> [Work instruction]: A verbatim transcription of the listing below is required, without its pictures.

> [Data shown]:
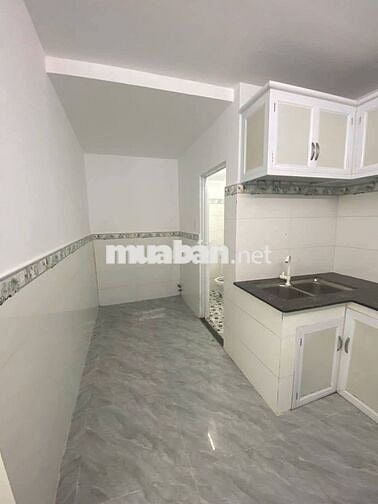 NHÀ SẠCH SẼ, DT 4*12M,2PN,2WC, GÁC ĐÚC LỮNG, cổng rào, sân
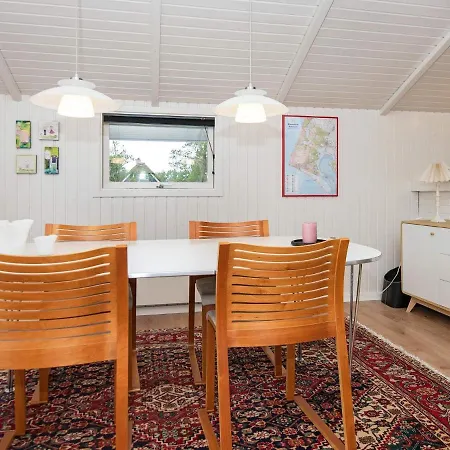 Three-bedroom Holiday In 37 Ferienhaus *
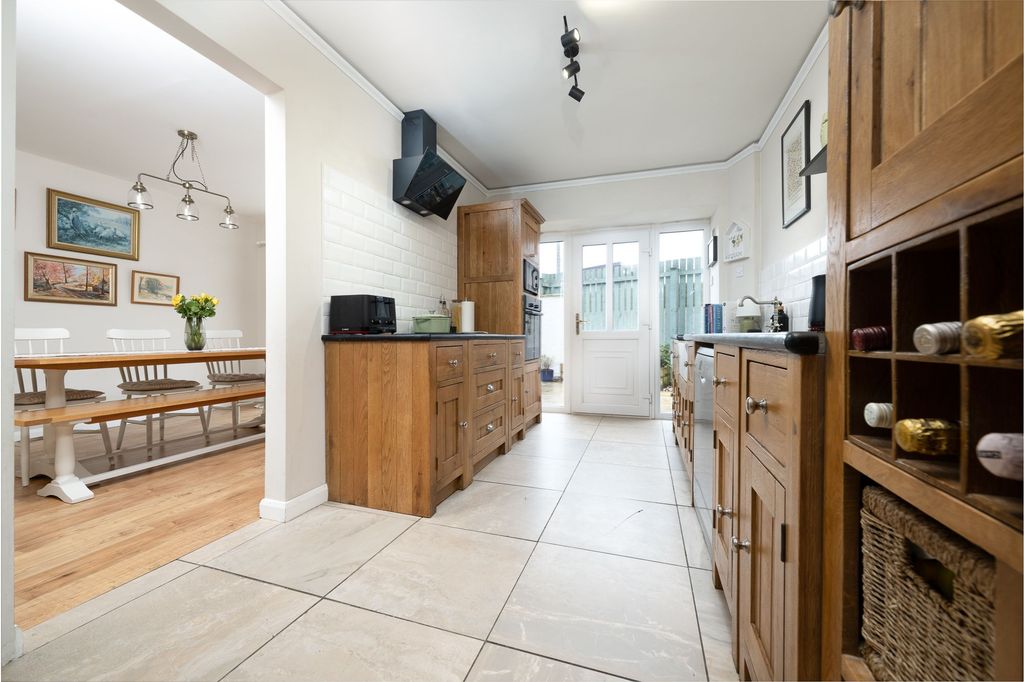 Property photo 3 of 31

> [Task output]:
 NHÀ SẠCH SẼ, DT 4*12M,2PN,2WC, GÁC ĐÚC LỮNG, cổng rào, sân
 Three-bedroom Holiday In 37 Ferienhaus *
 Property photo 3 of 31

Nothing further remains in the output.